El agente Watson seguramente nunca pensó que el taxi que tomaría en aquella taciturna noche bogotana marcaría para nunca jamás el fin de sus días. Uno simplemente no sale de un restaurante, un bar o su casa, aborda uno de estos vehículos y piensa “Aquí voy a morir”, pero siempre está el riesgo latente de una maniobra sorpresa del conductor, un desvío fuera de la rutina o, como le sucedió a Watson, una emboscada a las pocas cuadras de arranque. Su caso permanecería en el anonimato selectivo de los medios de comunicación de no ser porque corrió con la suerte de no ser de aquí, su extranjería fue al mismo tiempo el mayor atractivo para los criminales y la tabla de salvación que lo blindó de entrar al nefasto club de las impunidades colombianas.

De este infortunado episodio corroboramos que los lugares de esparcimiento, que por excelencia deberían ser santuarios de seguridad por su alta valía para el comercio, son nichos delictivos sobre el cual se ciernen todas las amenazas, una realidad duplicada en cada una de las zonas rosas de cualquier ciudad del país. También nos refrescó la desagradable desazón que a todos nos genera tomar un taxi en la calle, no todo el gremio está infectado, pero sí hay una hampa suelta sin bozal que caza a su próxima víctima entre las multitudes, bien sea a plena luz del día o con la complicidad de la noche. Mientras, las empresas de taxi y los dueños de los cupos se lavan las manos entre culpas mutuas, haciendo que las nuevas tecnologías para solicitar un servicio ganen más terreno.

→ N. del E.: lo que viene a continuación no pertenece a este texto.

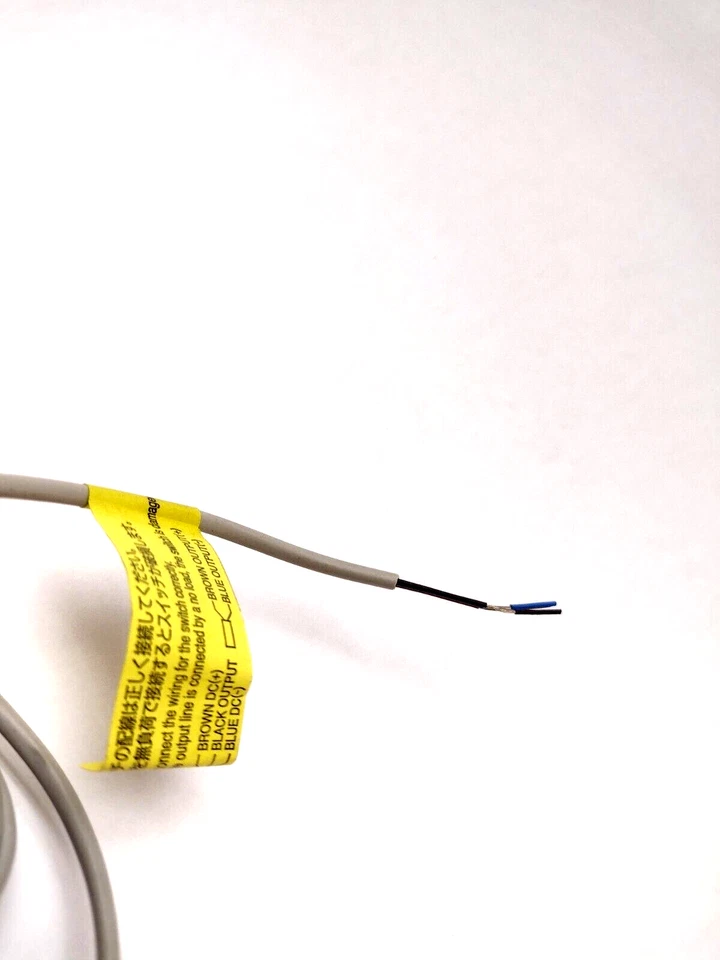 SMC D-M9PVL 3 Wire PNP Auto-Switch - Image 4 of 4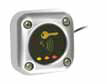 HID-Metall-Leser MetRead-HID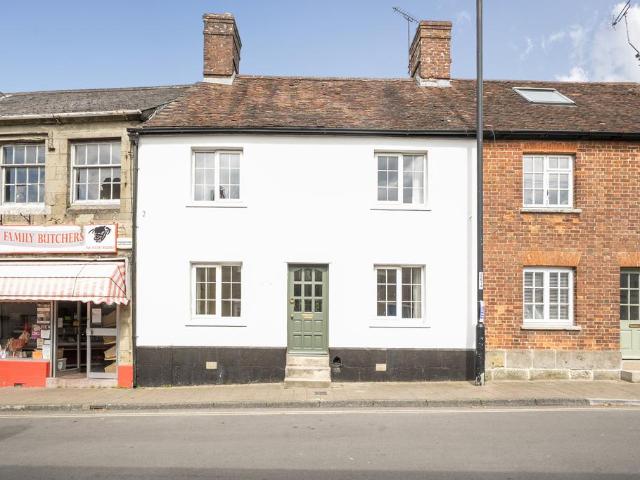 House for sale in St James, Shaftesbury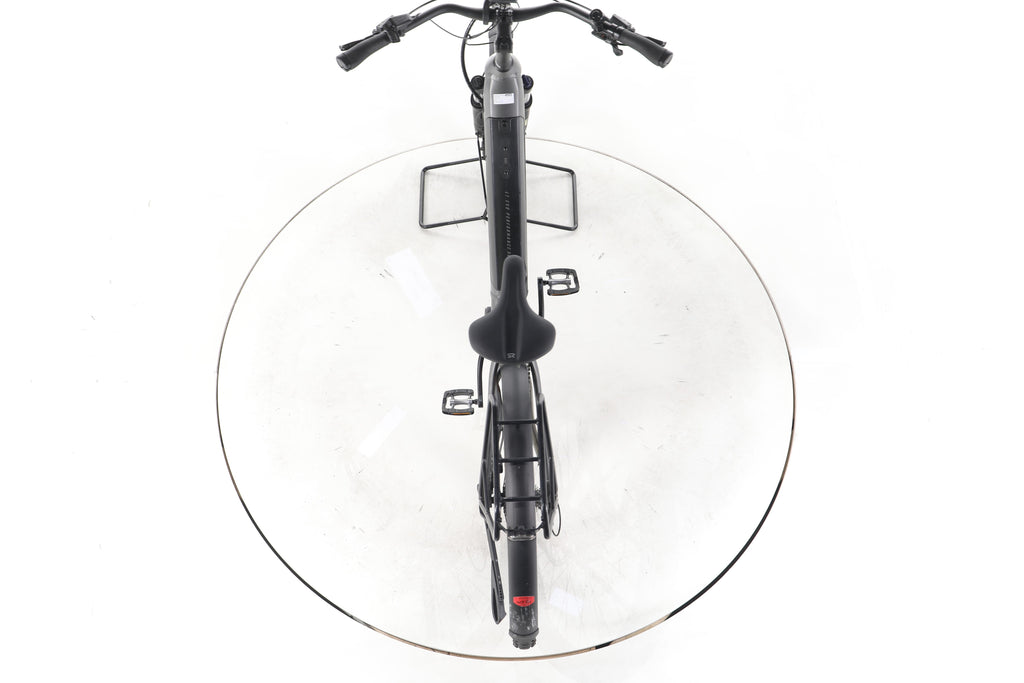 Bulls LT EVO Performance SUV Trekking E-Bike Tiefeinsteiger 2024 - Image 22
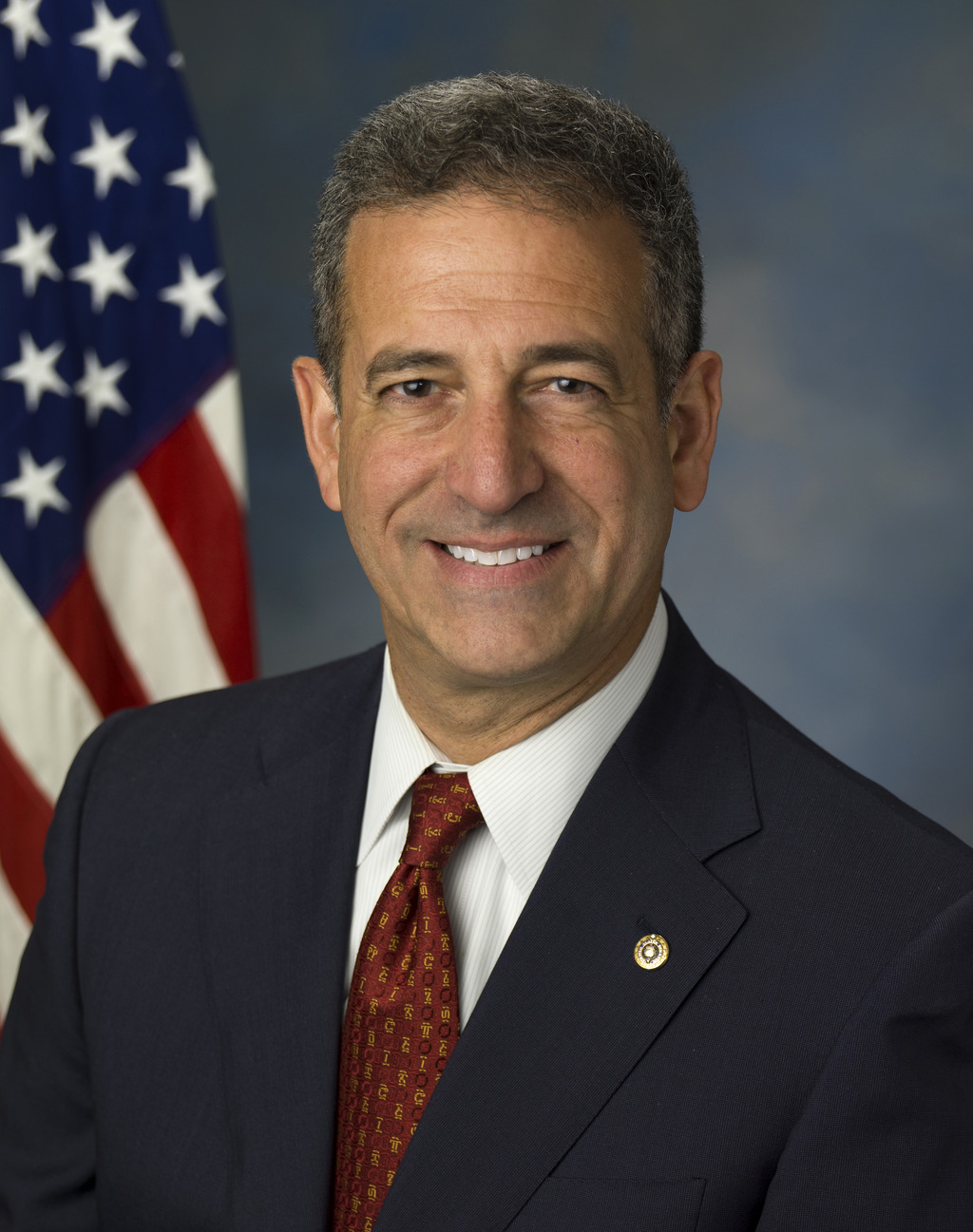 Russ Feingold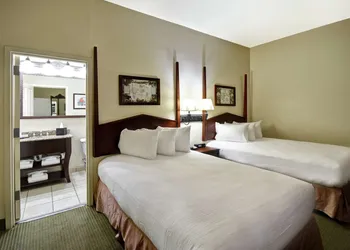 Embassy Suites by Hilton Charleston Historic District hotel thumbnail 8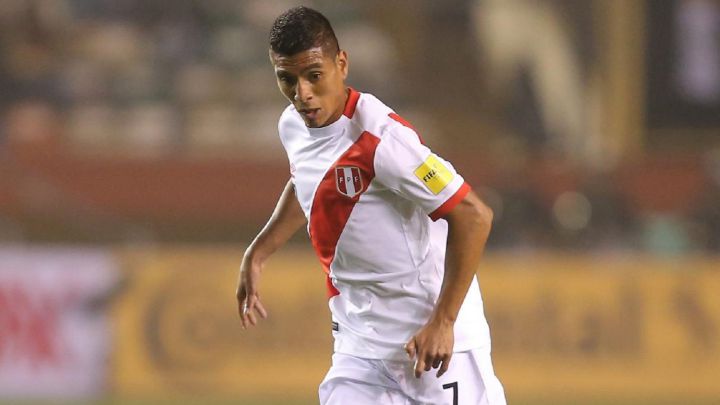 Hurtado a la Unión Española
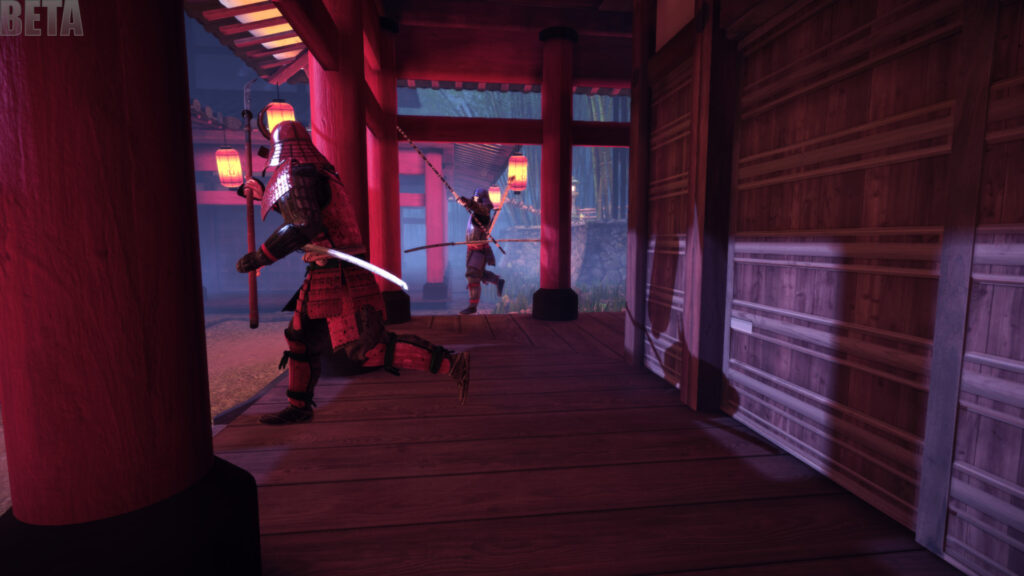 Chivalry – Deadliest Warrior (PC) – Steam Key – EU – Galeriebild 2
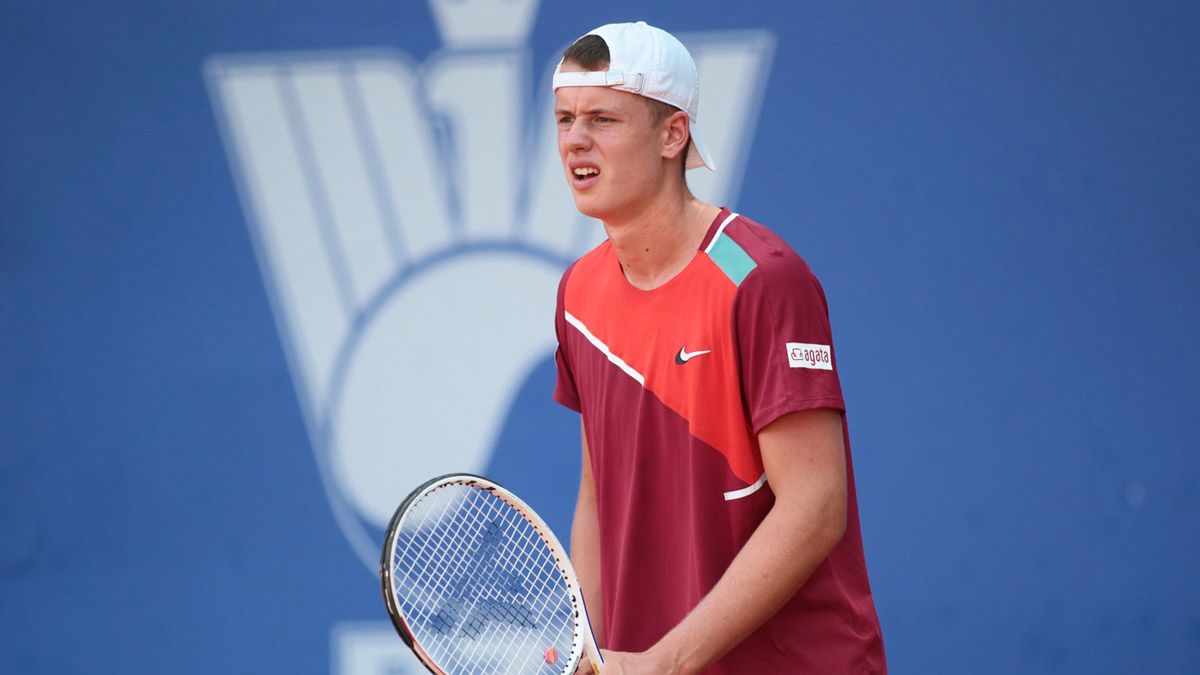 WP SportoweFakty / Tomasz Kudala / Na zdjęciu: Martyn Pawelski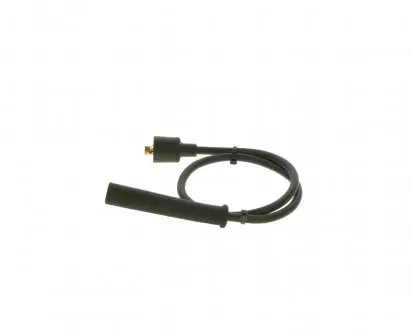0986356716 Комплект вв проводів BOSCH підбір по vin на Brocar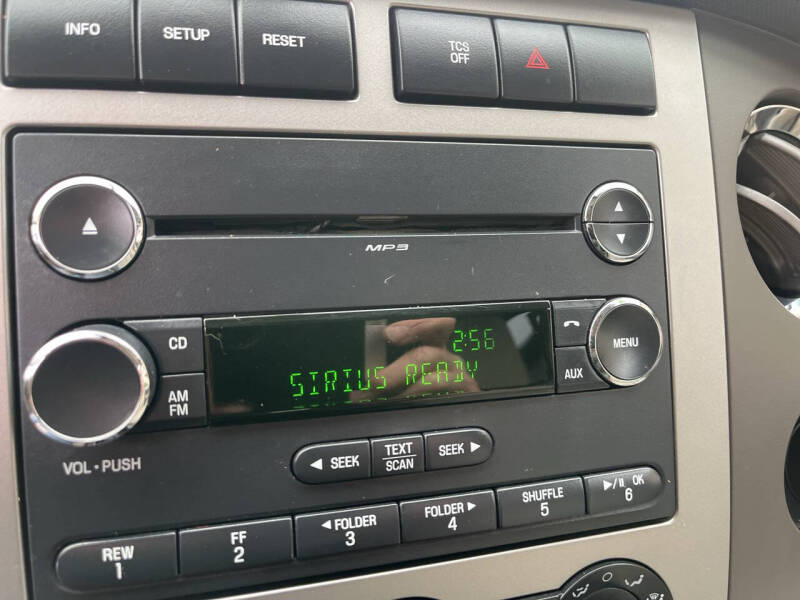 2012 Ford Expedition XLT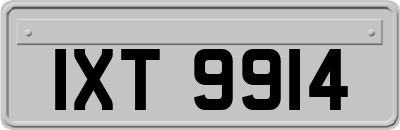 IXT9914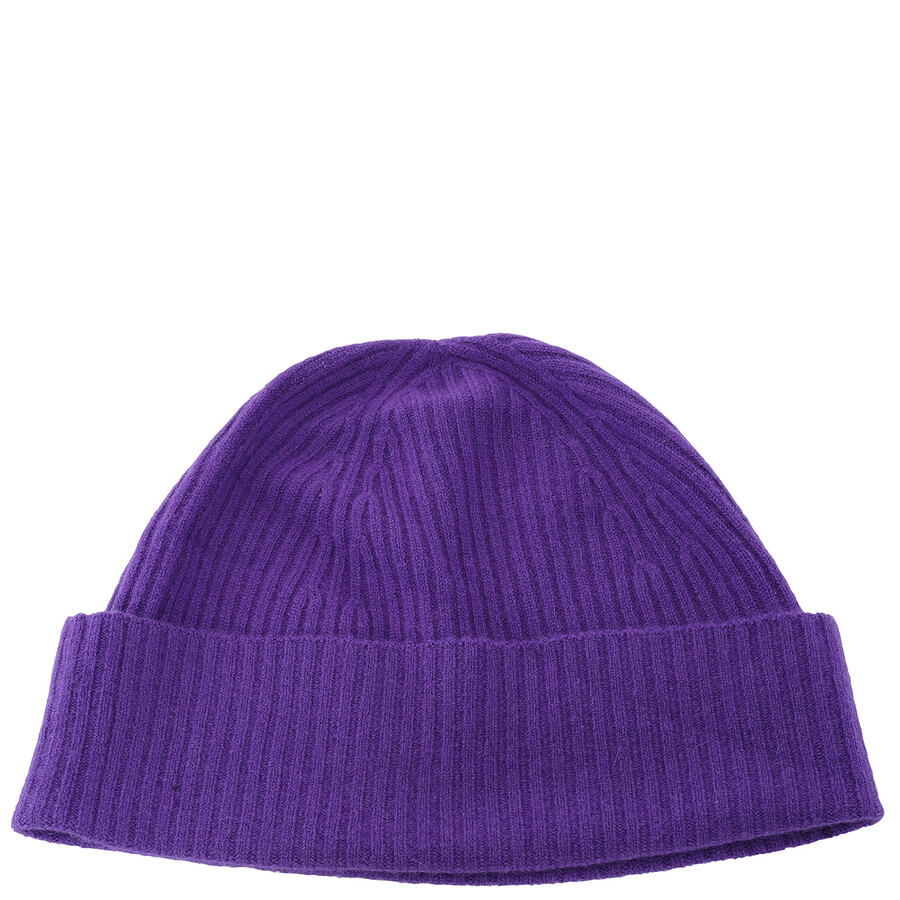 Lilou Mixed Cashmere Beanie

Pero quizás la mejor lección que nos queda es que tenemos a la mejor policía del mundo, una tan eficiente que puede desmantelar terribles bandas como la de alias “Payaso” con la facilidad que se amarra un zapato. Entonces la pregunta que queda en el aire es: ¿Por qué no lo hacen así siempre? ¿Por qué la eficiencia policial tiene que funcionar a dos velocidades tan disímiles según la nacionalidad del agredido?

Seguramente si el apellido que colgara del cadáver en medicina legal no fuera “Watson” sino “Chingate” la cosa habría sido diferente. Es triste que nuestras autoridades saquen su mejor repertorio cuando hay una orden de extradición y un Presidente furibundo al teléfono que exige resultados para motivarlos, pero que no se vea tal derroche de pericia cuando un ciudadano corriente denuncia en algún CAI de papel de los muchos que abundan por ahí. La sensación de estupor se refuerza cuando al lado de este caso vemos otros que avanzan tan rápido como el crecimiento del césped, tal como el asesinato del grafitero que ya va para otro aniversario y sigue tan impune como el primer día.

La dolorosa deducción que queda tras este análisis, sin requerirse mayores dotes para hallarla, es que la policía perfectamente podría judicializar en tiempo record los azotes vandálicos de todo el país, pero sencillamente no se le viene en gana hacerlo. Elemental, mi querido Watson, que en paz descanse.